The 1995 sci-fi action film Virtuosity stars two actors, Denzel Washington and Russell Crowe, in roles far beneath their abilities. Rising (or is that falling?) to the level of B-movie campiness, director Brett Leonard and screenwriter Eric Bernt create a quite silly story about a virtual reality serial killer that manages to break into the real world and go on a killing spree.
Washington plays Parker Barnes, a police lieutenant currently serving time in prison for killing the violent serial killer who kidnapped his wife and young daughter. Let out on a trial basis to help the privatized police force perfect its new virtual reality training program for police officers, Barnes comes up against SID 6.7 (Crowe) in the virtual reality world. SID 6.7 is a brilliant AI program made up of several different serial killers from the past, including Charles Manson, Jeffrey Dahmer, Ted Bundy, and the man responsible for kidnapping Barnes’ wife and daughter, Matthew Grimes (Christopher Murray). In fact, SID is so brilliant, he persuades his programmer to help him leap into the real world by taking his central processor and using a parallel government program researching silicone nanobots to build him a real body. Once he’s out, he predictably goes on an insatiable killing spree, including a particularly public hostage taking at a nightclub and throwing a man out of the stands at a televised wrestling match. It prompts the government to promise Barnes a full pardon on the condition that he catch SID and bring him back in. He also has to have psychologist-turned-writer Madison Carter (Kelly Lynch) tag along to keep an eye on him. The one catch – Barnes has a chip in his brain that can be triggered to kill him if they feel like he’s gone off the rails.
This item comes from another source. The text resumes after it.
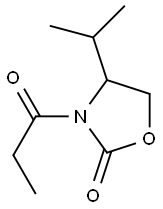 4-isopropyl-3-propionyl-2-oxazolidinone Structure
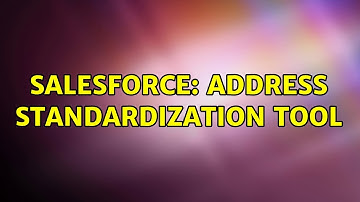 Salesforce: Address Standardization Tool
Virtuosity is like some kind of 1950s B-movie transplanted to the 1990s. We have the Frankensteinian creature rising to threaten everyone and everything in the form of Russell Crowe’s SID 6.7, and he hams it up in every way. The role is ridiculous, but he sure revels in it. Denzel Washington plays it straight, but is certainly likable as the cop out for vengeance. But even as Virtuosity begins as a film with an intriguing sci-fi premise, it devolves into a campy, run-of-the-mill crime thriller that leaves much of the high-tech thrills behind for a shoot ’em up game of cat and mouse that falls quite flat. Not an all out disappointment, Virtuosity does at least manage to be unexpectedly funny, but not on purpose.
Virtuosity hails from 1995 and was shot on the Arriflex 535B and Moviecam Compact cameras with , Zeiss and Cooke lenses utilizing Eastman EXR 200T 5293 35mm film stock in Super 35 format. Given its twenty-year vintage, this AVC 1080p encodement from Warner looks really good, especially when one considers this is obviously not one of the premium titles in their catalogue. There’s a fine layer of grain and just a hint of smoothness from the DNR. Some film softness creeps in occasionally in midrange and distance shots, but source damage is practically nonexistent and the colors look very vibrant. Just check out the vivid blue of the virtual police uniform on Denzel Washington in the opening scenes and the bright purple of Russell Crowe’s real-world suit.
Virtuosity is given two audio tracks, a DTS-HD Master Audio 5.1 (48kHz/24-bit) and a Spanish Dolby Digital 2.0. The 5.1 track is quite good given the film’s vintage. It offers a good balance of sounds throughout the room, deep low end and clean dialogue.
We get absolutely nothing with this release, not even a digital copy or a booklet.
The Definitive Word
One can tell from the straight to disc with no chasers release from Warner Virtuosity has been given that this is an acquired taste, to put it mildly. Virtuosity is simply a not so great time waster of a film that has some decent era visual effects and over-the-top acting. The audio and video aspects of the Blu-ray are about as good as it gets for a catalogue release.